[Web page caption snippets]

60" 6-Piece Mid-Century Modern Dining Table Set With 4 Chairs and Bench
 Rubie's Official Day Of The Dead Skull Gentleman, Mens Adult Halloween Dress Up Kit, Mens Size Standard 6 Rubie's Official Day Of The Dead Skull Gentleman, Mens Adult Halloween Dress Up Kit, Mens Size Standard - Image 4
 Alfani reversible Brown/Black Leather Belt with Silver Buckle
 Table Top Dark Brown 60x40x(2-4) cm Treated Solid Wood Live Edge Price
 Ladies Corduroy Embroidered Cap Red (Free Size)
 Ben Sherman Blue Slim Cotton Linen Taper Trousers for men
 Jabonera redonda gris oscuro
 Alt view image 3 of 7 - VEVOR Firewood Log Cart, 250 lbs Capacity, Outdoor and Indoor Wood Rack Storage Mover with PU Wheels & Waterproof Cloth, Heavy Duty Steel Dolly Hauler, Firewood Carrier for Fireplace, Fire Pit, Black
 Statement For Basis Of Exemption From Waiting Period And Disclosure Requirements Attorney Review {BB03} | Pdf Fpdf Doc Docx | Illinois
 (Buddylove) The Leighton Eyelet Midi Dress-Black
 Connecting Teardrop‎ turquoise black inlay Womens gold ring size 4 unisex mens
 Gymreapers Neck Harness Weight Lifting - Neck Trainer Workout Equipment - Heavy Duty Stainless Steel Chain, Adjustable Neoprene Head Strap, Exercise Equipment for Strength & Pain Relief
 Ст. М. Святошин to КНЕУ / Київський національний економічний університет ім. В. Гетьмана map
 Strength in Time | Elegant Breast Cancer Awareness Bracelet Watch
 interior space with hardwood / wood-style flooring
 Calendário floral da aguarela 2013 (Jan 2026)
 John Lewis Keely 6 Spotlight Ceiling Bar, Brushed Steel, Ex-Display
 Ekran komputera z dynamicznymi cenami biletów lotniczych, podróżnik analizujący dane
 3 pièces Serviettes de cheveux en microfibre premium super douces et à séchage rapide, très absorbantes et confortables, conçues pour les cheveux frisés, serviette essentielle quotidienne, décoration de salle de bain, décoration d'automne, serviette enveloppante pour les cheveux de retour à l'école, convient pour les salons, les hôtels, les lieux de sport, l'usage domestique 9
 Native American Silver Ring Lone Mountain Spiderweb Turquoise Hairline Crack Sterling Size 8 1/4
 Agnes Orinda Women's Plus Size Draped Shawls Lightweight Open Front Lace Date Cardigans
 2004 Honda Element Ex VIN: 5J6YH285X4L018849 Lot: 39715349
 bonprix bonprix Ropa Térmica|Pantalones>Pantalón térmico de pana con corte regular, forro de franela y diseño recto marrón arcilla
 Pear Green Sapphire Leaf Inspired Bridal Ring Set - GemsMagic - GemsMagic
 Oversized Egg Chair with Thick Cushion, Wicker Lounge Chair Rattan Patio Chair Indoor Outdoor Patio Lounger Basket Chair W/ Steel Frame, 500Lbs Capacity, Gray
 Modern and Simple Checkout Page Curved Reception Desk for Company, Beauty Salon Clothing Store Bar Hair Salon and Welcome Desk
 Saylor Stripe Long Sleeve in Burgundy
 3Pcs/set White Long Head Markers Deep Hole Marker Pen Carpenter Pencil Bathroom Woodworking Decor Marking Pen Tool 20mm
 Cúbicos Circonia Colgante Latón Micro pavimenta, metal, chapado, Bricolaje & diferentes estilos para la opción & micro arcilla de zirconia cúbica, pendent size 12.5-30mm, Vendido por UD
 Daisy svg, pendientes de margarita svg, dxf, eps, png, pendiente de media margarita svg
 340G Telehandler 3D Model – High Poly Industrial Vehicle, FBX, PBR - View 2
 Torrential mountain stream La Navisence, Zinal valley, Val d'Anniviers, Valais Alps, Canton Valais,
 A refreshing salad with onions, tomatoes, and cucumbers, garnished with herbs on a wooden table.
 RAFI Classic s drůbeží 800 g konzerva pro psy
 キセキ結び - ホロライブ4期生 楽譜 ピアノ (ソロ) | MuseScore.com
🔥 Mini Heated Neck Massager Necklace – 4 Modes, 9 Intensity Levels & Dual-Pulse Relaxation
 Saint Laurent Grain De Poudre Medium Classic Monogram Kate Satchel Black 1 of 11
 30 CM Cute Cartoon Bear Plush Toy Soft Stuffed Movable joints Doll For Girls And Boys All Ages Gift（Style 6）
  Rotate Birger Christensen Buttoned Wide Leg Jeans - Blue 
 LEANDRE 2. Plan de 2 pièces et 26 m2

_WORK ITEM_
Return only the part of the records above that opens with the line containing "bonprix bonprix Ropa" and closes with the line containing "3Pcs/set White Long", ends included.

_SOLUTION FOR THIS EXERCISE_
 bonprix bonprix Ropa Térmica|Pantalones>Pantalón térmico de pana con corte regular, forro de franela y diseño recto marrón arcilla
 Pear Green Sapphire Leaf Inspired Bridal Ring Set - GemsMagic - GemsMagic
 Oversized Egg Chair with Thick Cushion, Wicker Lounge Chair Rattan Patio Chair Indoor Outdoor Patio Lounger Basket Chair W/ Steel Frame, 500Lbs Capacity, Gray
 Modern and Simple Checkout Page Curved Reception Desk for Company, Beauty Salon Clothing Store Bar Hair Salon and Welcome Desk
 Saylor Stripe Long Sleeve in Burgundy
 3Pcs/set White Long Head Markers Deep Hole Marker Pen Carpenter Pencil Bathroom Woodworking Decor Marking Pen Tool 20mm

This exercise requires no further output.